Such variational autoencoders in particular provide efficient probabilistic models for learning representations of complex data distributions. Variational autoencoders are thus configured to learn a data distribution on the basis of which new data can be generated instead of classifying the data, for example. However, it is disadvantageous, among other things, that the training of such variational autoencoders is complex and difficult. Such variational autoencoders are also usually based on the assumption that the learned latent representations follow a simple unimodal or monomodal Gaussian distribution.

Variable autoencoders are usually used for example for generating image data, for sentence modeling, or for optimizing discrete data or graph-based structures.

As FIG. 1 shows, the method 1 has a step 2 of providing training data representing objects and a step 3 of training a deterministic autoencoder on the basis of the training data, wherein the training of the autoencoder takes place on the basis of a probability distribution and a loss function, and wherein the loss function has a reconstruction term and a regularization term.

Overall, FIG. 1 shows a method 1 in which the training of a deterministic autoencoder takes place in a similar way to the training of variational autoencoders, or the method for training variational autoencoders has been adapted to deterministic autoencoders. In particular, input data are converted into a latent vector with fewer dimensions than originally.

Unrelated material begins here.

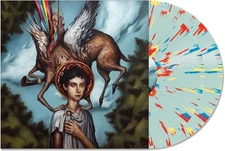 Circa Survive - Blue Sky Noise - Remastered - Clear Blue W/ Blue,Yellow & Red Sp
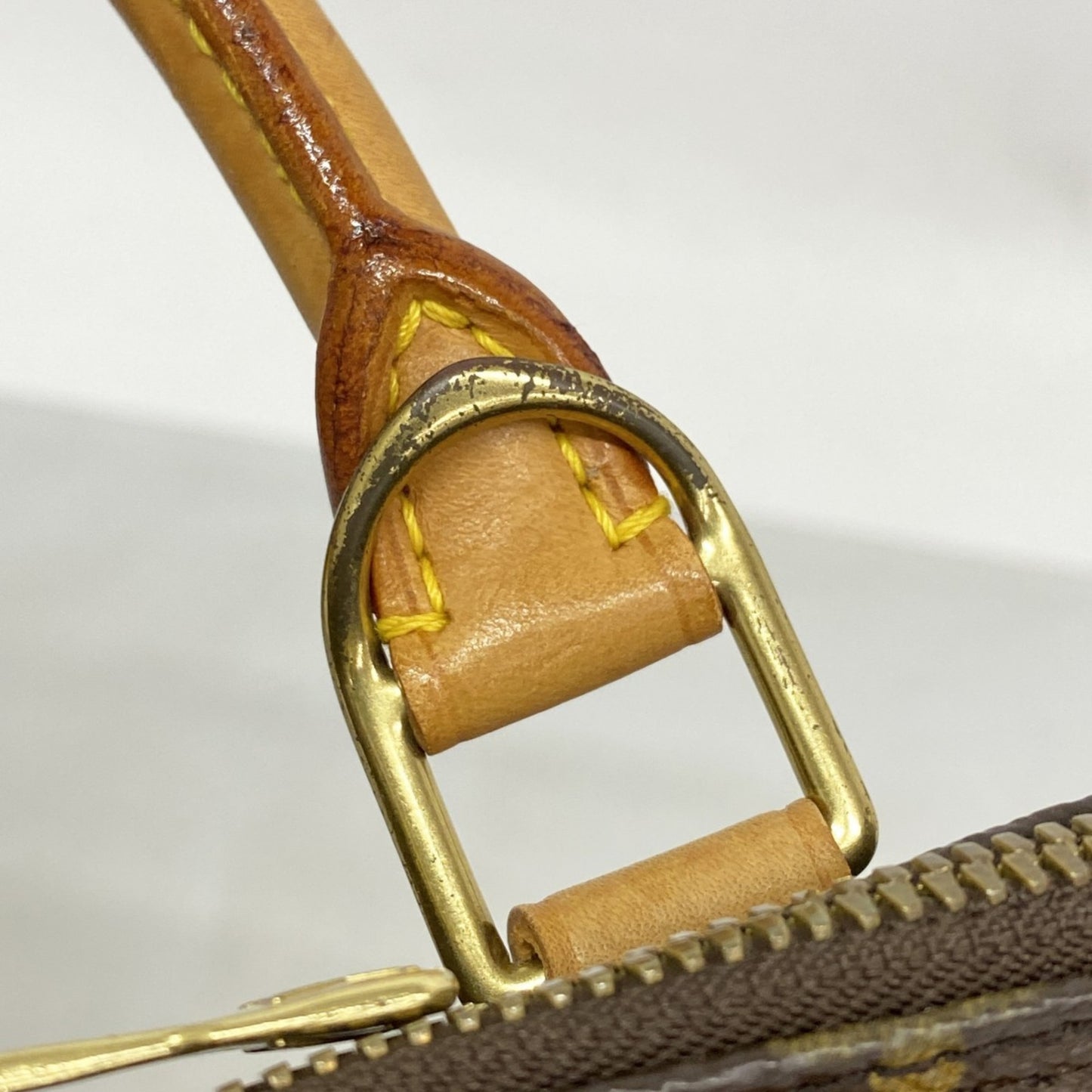 Louis Vuitton Monogram Alma Handbag M51130 Brown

FIG. 1 thus shows an improved method for training a deterministic autoencoder. Since a deterministic autoencoder is trained here, the training of the autoencoder is much simpler and less complex than methods for training a variational autoencoder. Because both the reconstruction term and the regularization term are taken into account during training of the autoencoder, the latent space can be made acceptable, and further high-quality data which show objects can also be reliably generated on the basis of the deterministic autoencoder, without an additional step of density estimation being necessary for this purpose. Thus, a simple and efficient frame for training a deterministic autoencoder or an improved method for training a deterministic autoencoder is provided.

The training data can be in particular continuous or discrete data showing or representing individual objects, in particular image data. For example, the training data can also represent discrete and complex structures, such as arithmetic formulas or chemical molecules.

The trained deterministic autoencoder can subsequently be used to compress data which show objects, so that these data can also be stored on data processing systems with comparatively low storage capacities. In addition, the trained deterministic autoencoder can be used to reliably generate further data which represent objects, in particular image data or complete models, in a simple manner on the basis of a few trained sample data and without corresponding expert knowledge, which data can subsequently be processed correspondingly and can also be used for controlling the functions of a controllable system, for example. For example, image data can be generated on the basis of which highly efficient motor vehicle components, for example wheels with a particularly aerodynamic design, can be manufactured.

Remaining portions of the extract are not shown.